§ Required action
Nothing but the lines from the one containing "used 2021 Volkswagen" through the end of the data should be retyped, exactly as they stand, and pictures should not be retyped.

§ Working data
== Segment start ==

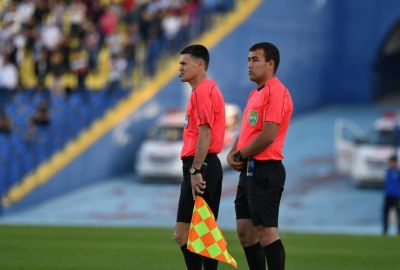 Ayollar chempionati: 7-tur uchrashuvlari hakamlari 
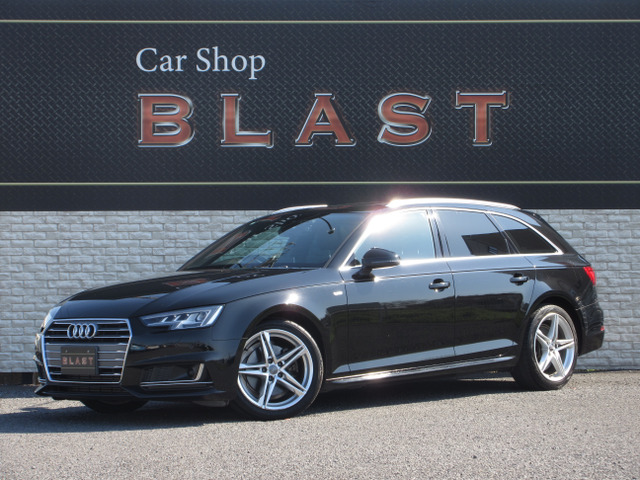 A4アバント2.0 TFSI スポーツ Sラインパッケージ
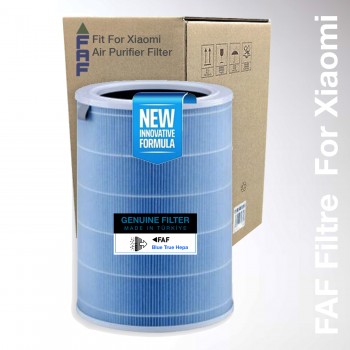 Xiaomi Mi Air Purifier PRO Filtre  360 True Cam Hepa Yeni Formullü Filtre Ø200*H290MM ÖLÇÜ (Mavi Allergy). Model AC-M3-CA Filtresi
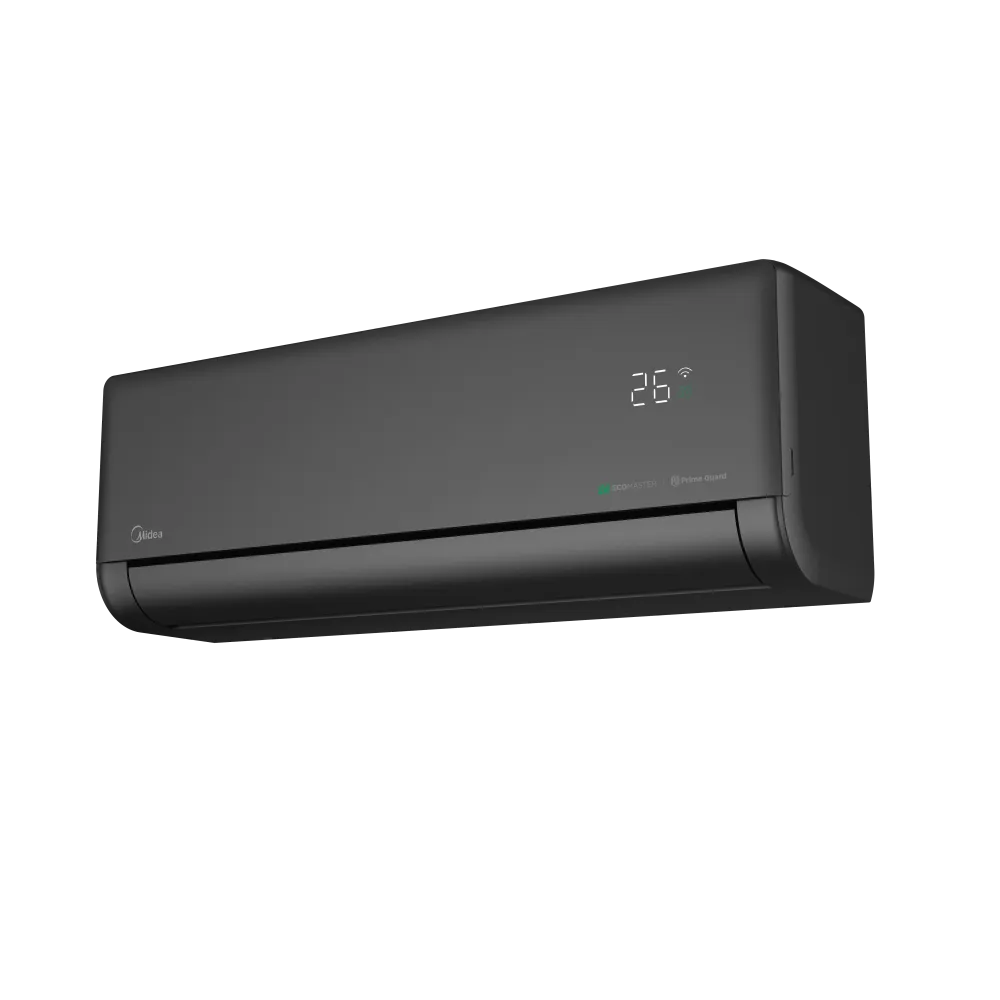 Midea Κλιματιστικό Τοίχου Solstice Μαύρο 9000 BTU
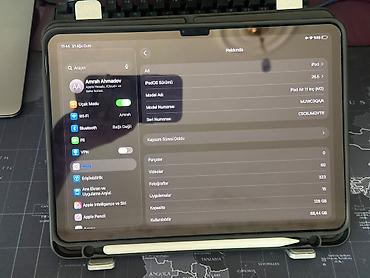 ipad ucuz: IPad Air 11” 2024 8/128 Əla vəziyətdədir. Alınan gündən üzlük və — 3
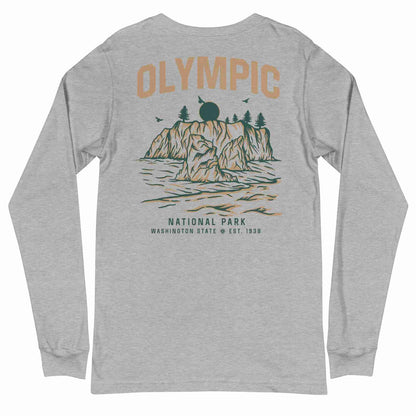 Olympic National Park Long Sleeve Tee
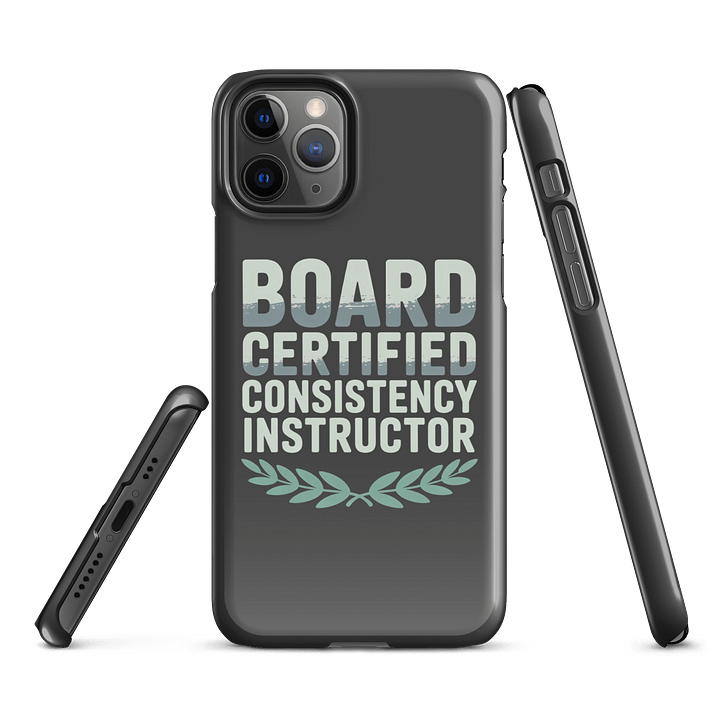 Consistency Instructor Human Design Generator iPhone Case product image (2)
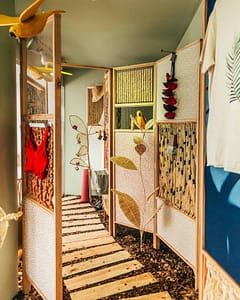 Brazilian concept shop in Principe Real in Lisbon with objects and clothes from Brazilian artists and craftsmen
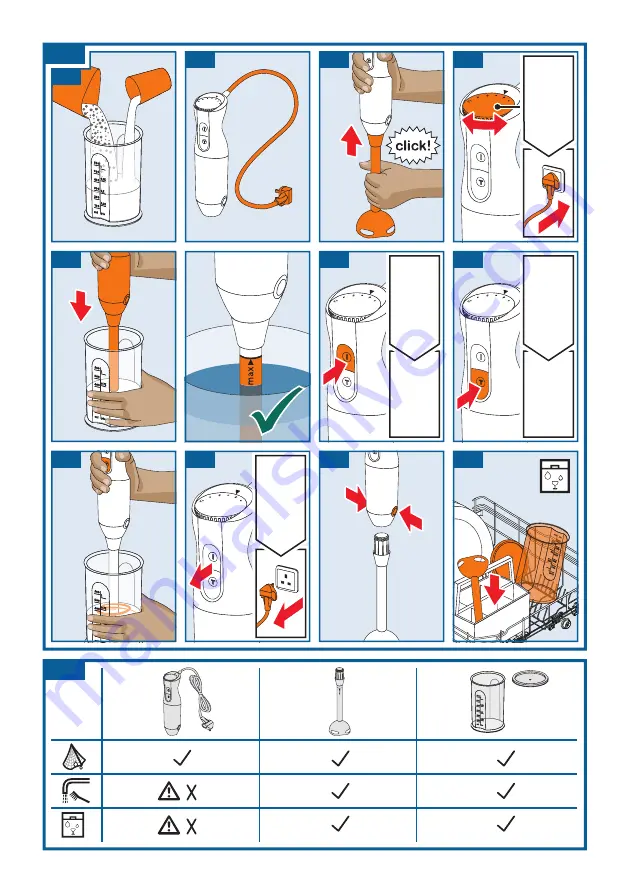 Bosch ErgoMixx Style MSM6S GB Series Instruction Manual Download Page 38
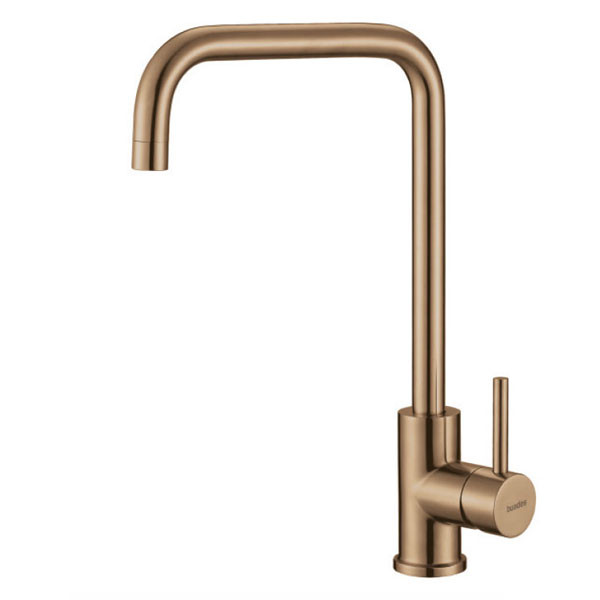 Buades Rayven BD.5195471.RC Brushed Rose Gold Μπαταρία Κουζίνας Πάγκου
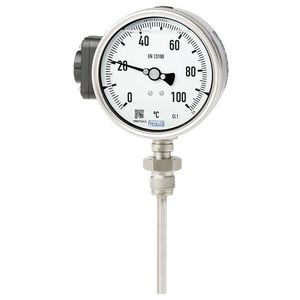 thermomètre à cadran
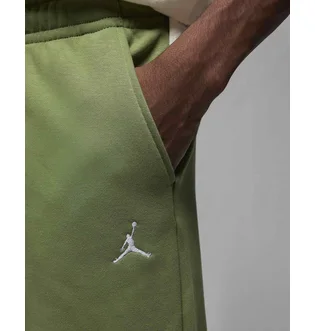 Штаны мужские Air Jordan M J Ess Flc Pant Green FJ7779-340
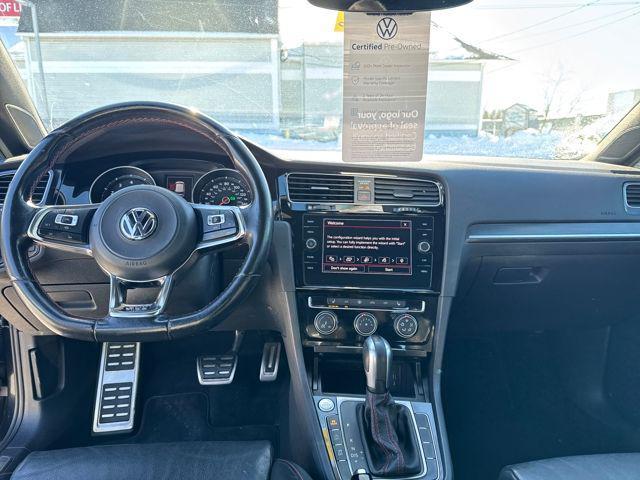 used 2021 Volkswagen Golf GTI car, priced at $26,500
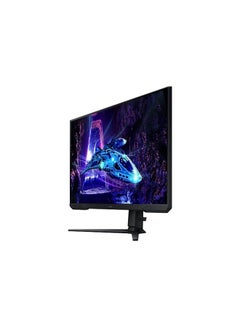 Samsung 32 inch Odyssey G3 G30D Gaming Monitor (1920x1080) FHD With 180Hz Refresh Rate, 1ms Response Time, Virtual Aim point, Black Equalizer, Eye Saver Mode, 3 side borderless, x2 HDMI & AMD FreeSync, HAS(Tilt, Swivel, Pivot) | LS32DG302EMXUE Black  - Image 5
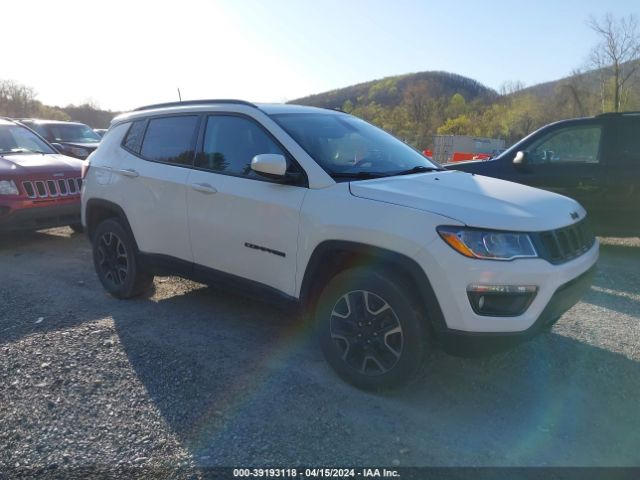 JEEP COMPASS 2018 3c4njdab2kt659195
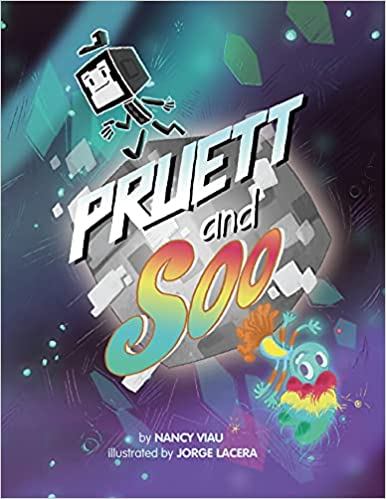 Heads up--PRUETT AND SOO is only $1.49 USD on Kindle for the whole month of November!! 

Written by @NancyViau1 

Art by me.

#twolions #PBcrew22 #kindle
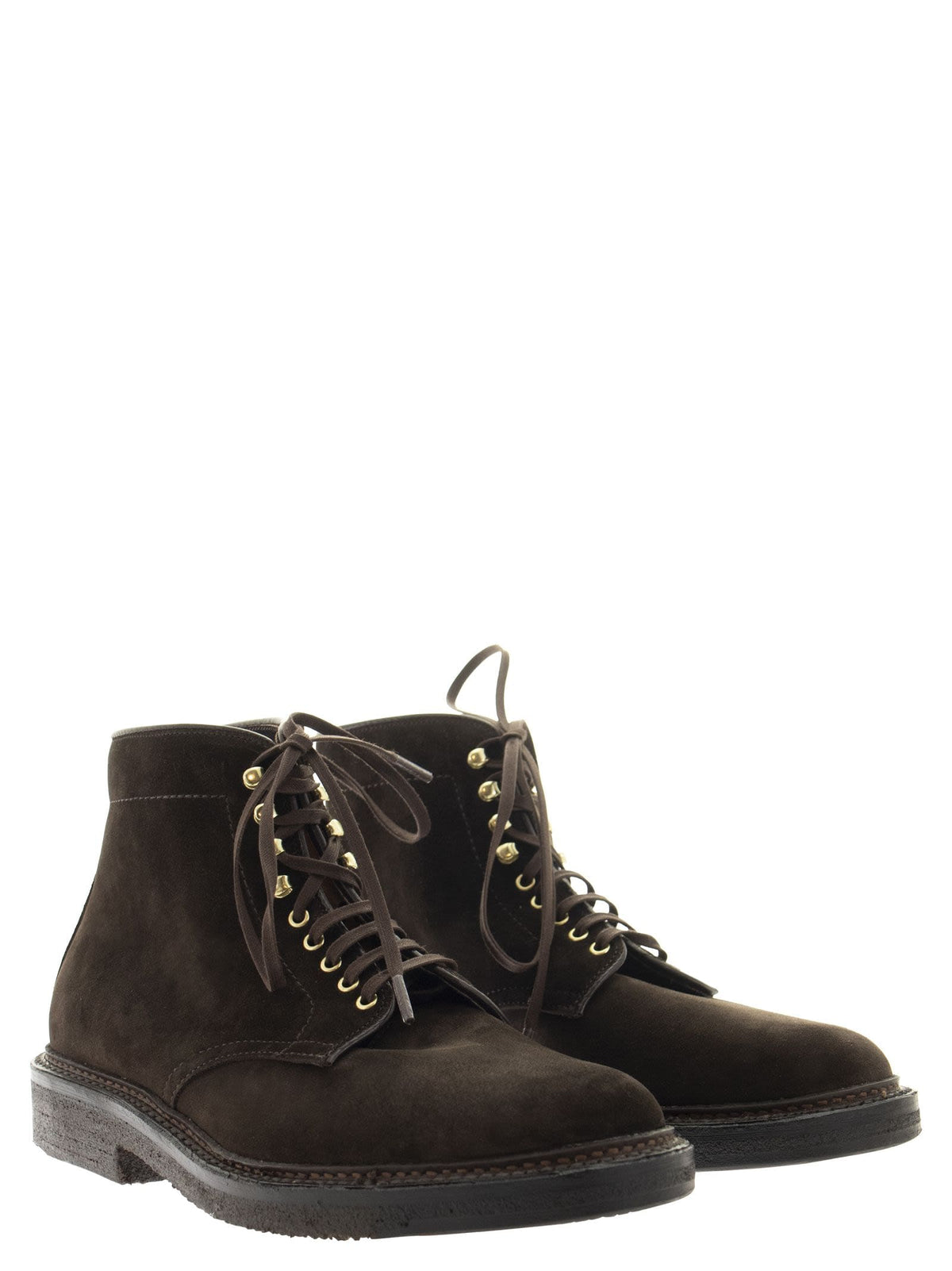 Alden Brown Suede Boot | Banlieue91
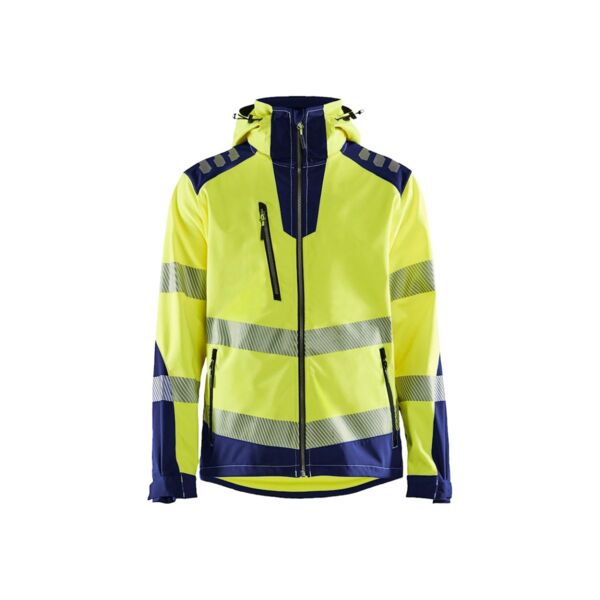 Blåkläder Highvis Softshelltakki Thumbnail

== Segment end ==

§ Expected output
 used 2021 Volkswagen Golf GTI car, priced at $26,500
 Samsung 32 inch Odyssey G3 G30D Gaming Monitor (1920x1080) FHD With 180Hz Refresh Rate, 1ms Response Time, Virtual Aim point, Black Equalizer, Eye Saver Mode, 3 side borderless, x2 HDMI & AMD FreeSync, HAS(Tilt, Swivel, Pivot) | LS32DG302EMXUE Black  - Image 5
 JEEP COMPASS 2018 3c4njdab2kt659195
 Heads up--PRUETT AND SOO is only $1.49 USD on Kindle for the whole month of November!! 

Written by @NancyViau1 

Art by me.

#twolions #PBcrew22 #kindle
 Alden Brown Suede Boot | Banlieue91
 Blåkläder Highvis Softshelltakki Thumbnail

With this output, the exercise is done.